The sidewall insulation consisted of two layers designed to meet the needs of display products for high efficiency, good reliability and processability. The inner passivation layer was 60nm silicon dioxide (SiO2); the outer etch-stop layer was 20nm aluminium oxide (Al2O3). These materials were chosen for their high transparency, low leakage current and high bandgap energy.
The researchers were keen to minimize added surface damage so they developed the low-temperature sol-gel method to apply the inner passivation. “Performing the sol–gel process at room temperature could minimize the atomic reaction between the GaN surface and the SiO2 layer and enhance the optical properties of the nanorods by passivating the dangling bonds,” the team writes.
The sol-gel process began with the nanorod wafer being dipped into an ethanol/deionized water solution to which was added cetyltrimethylammonium bromide (CTAB), forming micelles, and then an ammonia solution and the tetraethyl orthosilicate (TEOS) precursor for the SiO2 passivation. The sol-gel reaction saturated at around 23nm thickness. The full 60nm thickness was achieved by repeating the process.
Figure 2: Schematic diagram of the nLED pixel structure.

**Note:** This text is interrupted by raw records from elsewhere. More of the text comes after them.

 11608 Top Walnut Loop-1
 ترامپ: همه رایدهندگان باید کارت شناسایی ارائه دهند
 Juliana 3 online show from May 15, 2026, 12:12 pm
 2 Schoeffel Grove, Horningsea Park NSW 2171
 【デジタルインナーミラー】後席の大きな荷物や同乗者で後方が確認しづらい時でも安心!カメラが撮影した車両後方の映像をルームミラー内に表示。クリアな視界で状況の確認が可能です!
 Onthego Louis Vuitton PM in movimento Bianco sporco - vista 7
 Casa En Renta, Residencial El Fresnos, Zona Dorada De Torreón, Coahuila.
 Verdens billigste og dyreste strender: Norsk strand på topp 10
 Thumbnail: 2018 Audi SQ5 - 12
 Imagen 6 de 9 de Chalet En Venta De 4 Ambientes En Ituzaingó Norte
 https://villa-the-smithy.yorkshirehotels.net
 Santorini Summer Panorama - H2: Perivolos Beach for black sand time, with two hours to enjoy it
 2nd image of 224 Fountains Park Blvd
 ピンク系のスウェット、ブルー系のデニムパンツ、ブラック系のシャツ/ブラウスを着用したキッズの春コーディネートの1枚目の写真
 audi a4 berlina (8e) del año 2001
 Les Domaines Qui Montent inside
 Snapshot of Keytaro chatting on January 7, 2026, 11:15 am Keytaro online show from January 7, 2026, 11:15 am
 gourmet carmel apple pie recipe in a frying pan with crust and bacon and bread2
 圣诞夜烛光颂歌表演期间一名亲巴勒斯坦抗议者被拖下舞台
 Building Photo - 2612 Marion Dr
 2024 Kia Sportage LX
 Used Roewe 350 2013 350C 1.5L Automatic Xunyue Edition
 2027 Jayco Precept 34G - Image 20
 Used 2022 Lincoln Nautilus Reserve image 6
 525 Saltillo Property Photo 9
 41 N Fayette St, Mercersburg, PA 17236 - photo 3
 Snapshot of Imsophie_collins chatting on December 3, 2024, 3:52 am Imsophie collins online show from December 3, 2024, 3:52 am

One disadvantage of the sol-gel technique is the tendency toward by-product residue. The researchers tackled this by baking the sol–gel SiO2 film with the aim of good reliability through completing the reaction and eliminating reaction residues. The team reports that it is working on process optimization.
The use of sol-gel SiO2 deposition on the nanorods was found to enhance blue photoluminescence (PL) by ~13x over rods with the SiO2 applied using more conventional plasma-enhanced ALD. Also, the PL decay lifetime increased to 101.4ns, compared with 24.2ns for ALD passivation. The longer lifetime indicates more electron-hole recombination into photons as opposed to non-radiative routes.
The nanorod nLEDs were separated from the growth wafer using a diamond cutter and dispersed in solution for inkjet printing into pixel structures. The nanorods were aligned horizontally between two bottom electrodes using a dielectrophoretic force. Transparent top electrodes provided electrical biasing. The resulting pixel structures contained an average of 6 and 9 nanorods for the ALD and sol-gel passivation, respectively.
The researcher estimated the light extraction efficiency of the pixel structure at 25%, using finite-difference time-domain simulations. External quantum efficiency (EQE) measurements on 60-pixel arrays gave peak values of ~20% for the sol-gel nanorods and ~9% for the ALD passivation (Figure 3). Using the estimate for the light extraction efficiency, the corresponding internal quantum efficiencies (IQEs) were estimated at 81% and 36% for sol-gel and ALD passivation, respectively.
Figure 3: EQE versus current density for nLEDs.
The team deployed a wide range of material analysis techniques, such as photoluminescence (PL), electroluminescence (EL), cathodoluminescence (CL) and electron energy-loss spectroscopy (EELS) to track down the problems with the plasma-enhanced ALD passivation, concluding that “the VGa–ON–2H complex is the dominant defect generated in the sidewalls of the nanorods during the plasma-enhanced ALD SiO2 passivation, wherein a hydrogen-containing precursor is used.”
The plasma-enhanced ALD process also induces amorphization at the InGaN quantum well surfaces and creates point defects on the sidewalls of the GaN nanorods. These factors increases the Shockley-Read-Hall (SRH) electron-hole recombination mechanism through non-radiative recombination centers (NRCs) on the sidewalls of the InGaN QWs.
By contrast, “the sol–gel process provides effective passivation for the GaN surfaces because the SiO2 nanoparticles are adsorbed on the GaN surface after the sol–gel reaction,” the team explains, adding: “Thus, the atomic interaction with the GaN surface is minimized and only dangling bonds of the surfaces are passivated, resulting in a low leakage current, decreased NRC regions and high EQE.”